Vanilla Listener (Follower) Training without RL (Student Forcing + Teacher Forcing?)
siddk opened this issue · comments
Hey Hao,
Been working my way through your repo, and when training the listener via the provided script (agent.bash), it seems that the v0 listener model is trained with a hybrid teacher-forcing + sampling approach with RL.
Specifically, you first seem do be doing a Teacher-Forcing update (which makes sense):
Line 805 in c416108
However, then you do a sampling update that computes the RL (A2C) loss as well:
Line 807 in c416108
Line 392 in c416108
If I wanted to just train the "best" Listener model without RL, do you have recommendations. Setting "feedback = argmax" seems to trigger student forcing (which is what's used in the related work), but should I mix that with Teacher Forcing as well?

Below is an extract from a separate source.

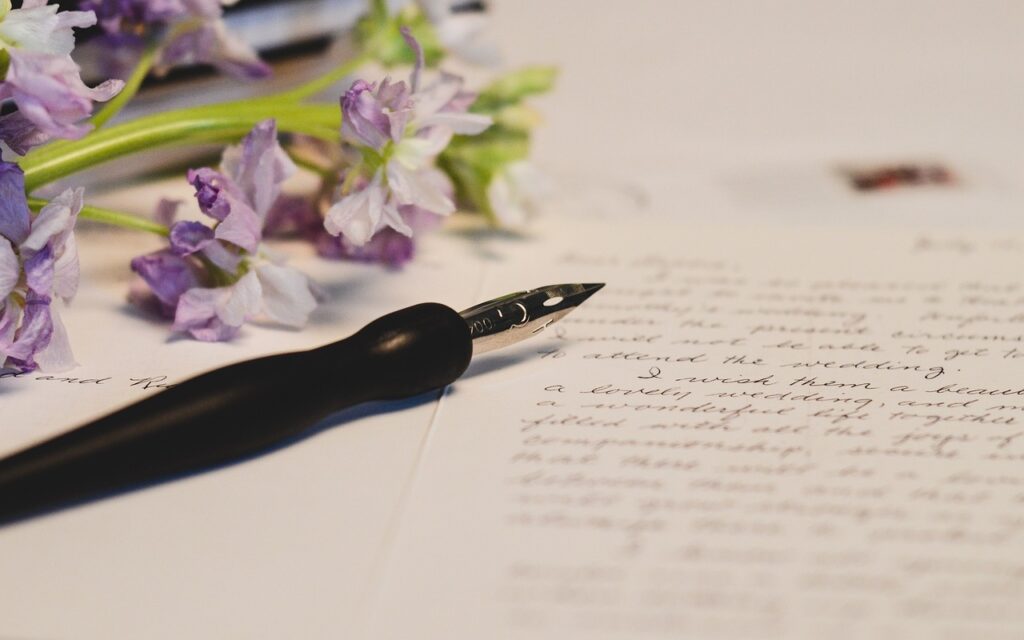 image showing a diary page decorated with calligraphy hand writing and flowers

Any intuition you have is much appreciated. Computing the Teacher-Forcing loss and weighting it by the hyperparameter, and adding the StudentForcing loss is what I'm currently thinking. Otherwise, I might just do StudentForcing all the way through...
Thanks. I have not tried mixing the teaching forcing and student forcing together. What I found before is that teacher forcing works better than student forcing with this code base. Thus I finally use teacher forcing (SF) as the baseline and experiments with this train_ml=1.0
and train_rl=None
. Looking forward to seeing whether TF + SF would win over TF!
Got it - thanks Hao, really appreciate it!